Before plunging in, I have learned to sit and quietly watch the first couple of pools to see if anything is rising or flashing below the surface, indicating a trout feeding on nymphs down under. Nothing much is going on so I tie on my trusty, handsome Royal Coachman Trude, with its swept-back wing a good all-around pattern here where caddis flies and grasshoppers abound (The fly is a classic one, created and named decades ago in England after the Royal Family’s horse coachman.). To the Coachman, I tie on a #16 beadhead green caddis nymph as a dropper that will dangle under the surface two feet behind. This combo dry/dropper rig has never failed me here…and it comes through again.
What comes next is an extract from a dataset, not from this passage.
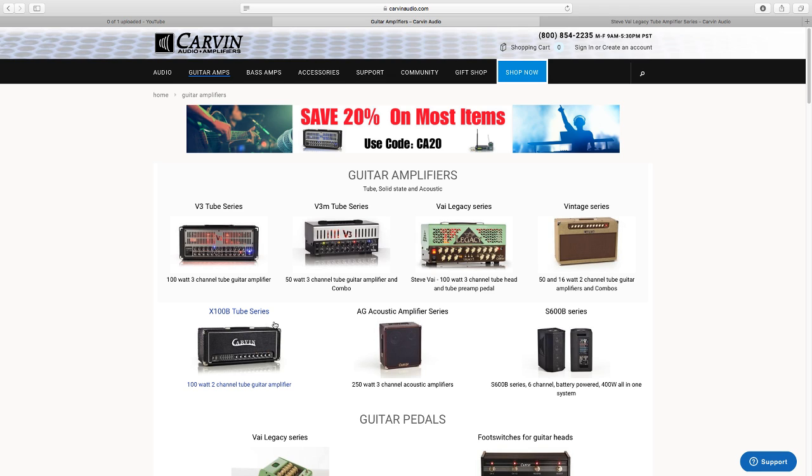I'm definitely considering Line 6 products, specifically the Helix and their rack-mounted multi-effects pods. I've been looking into possibly getting an Axe-FX, but whenever I look at it, it just seems so complicated and I just wouldn't understand it. That's why I keep going back to the Helix.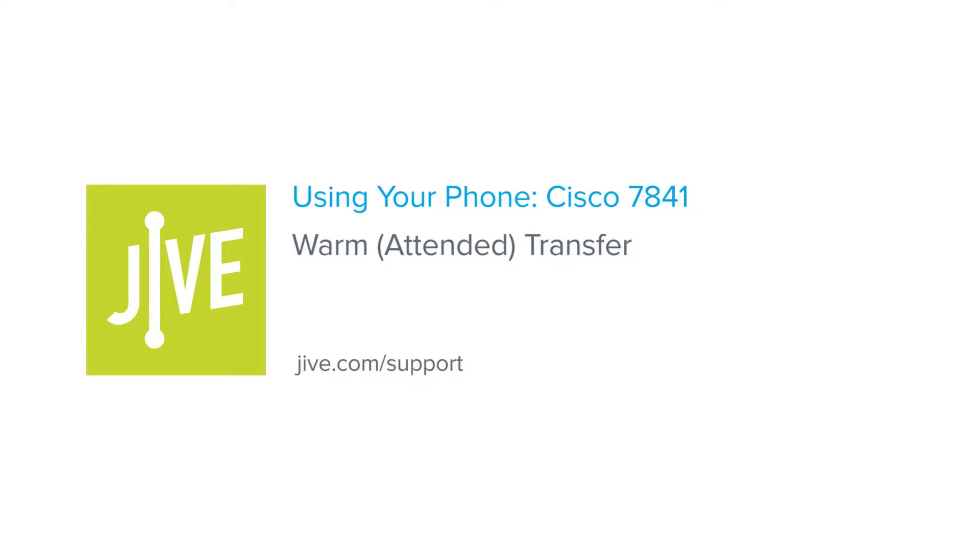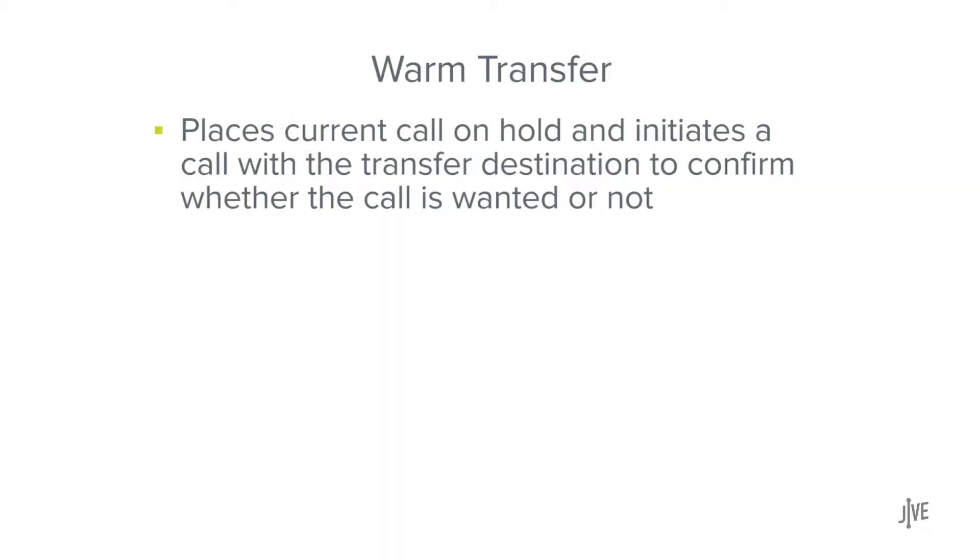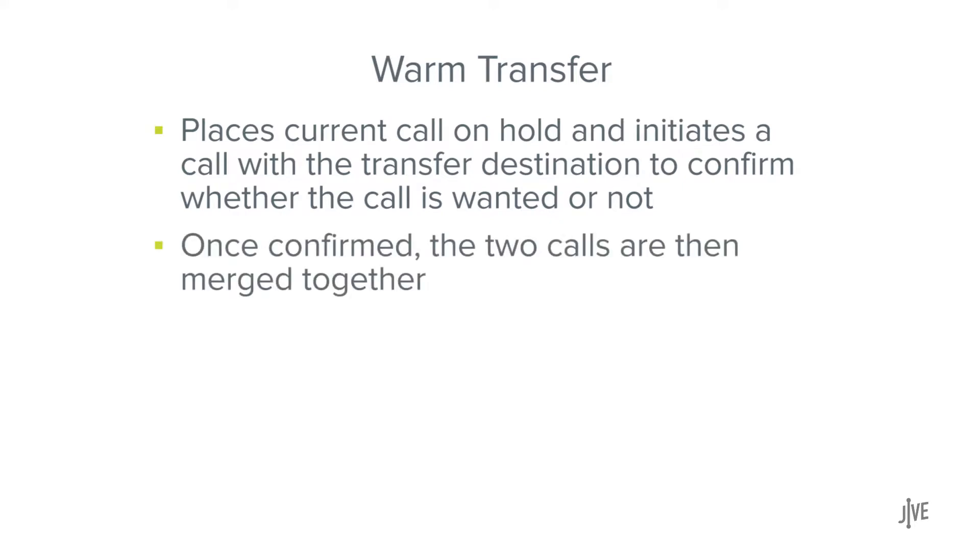In this video, you will learn how to perform a warm or attended transfer on a Cisco 7841 phone. A warm transfer places the current call on hold and initiates a call with the transfer destination to confirm whether the call is wanted or not. Once confirmed, the two calls are then merged.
On my second cast, I hook a fat 13-inch brown trout on the nymph, a good-sized fish for these waters. A 14-incher is a big one, and anything over 16 inches a monster. Ten minutes later I’m surprised as a gorgeous 17-inch brownie nails the nymph in a deep run. Luckily I’m using my five weight fly rod so I manage to keep him away from the snags protruding from the undercut bank, then utilizing my blazing speed in waders, manage to cut him off before he gets too far downstream and uses the current to break off. The fishing (and catching) is steady for the next three hours. I find the trout—mainly brownies with an occasional rainbow or cutbow thrown in—mostly in deeper holes and in slow runs along foam lines near the bank or hiding in small slow-moving back eddies where the current spins back upstream.
Many anglers overlook these lies as too tiny to hold anything. But big trout can sit in these back eddies where they don’t have to fight a heavy current and pick off morsels that drop out of the current at their leisure. The casting is easy thanks to the cattle that keep the grass and willows along the banks chewed down in most places. Again the key is to stay low. If I approach a pool too quickly or clumsily, especially if I am in the water and wading up from below, inevitably I send trout in the skinny clear water scurrying for cover. Most are smaller, but occasionally I spook a big boy, then softly swear at myself for being the proverbial bull in a china closet.
By the time my growling stomach sounds the dinner bell at 5 o’clock, I have caught and released two dozen fish, with about 10 being twelve inches or more. Most have come on the dropper. I haven’t had to change flies at all. What a relaxing way to fish. Out of curiosity, I did switch the Trude dry to a yellow Parachute Madame X with rubber legs, a great grasshopper imitation—and it produced as well as the beloved Royal Coachman Trude. Other nymphs that I’m partial to on the creek are a size 18 micromayfly and red two-bit hooker. I’m back at the camp by 5:30 p.m. for a glass of wine and hummus with pita bread. Ah, the good life. I hear an owl hoot and coyotes howling as I nod off.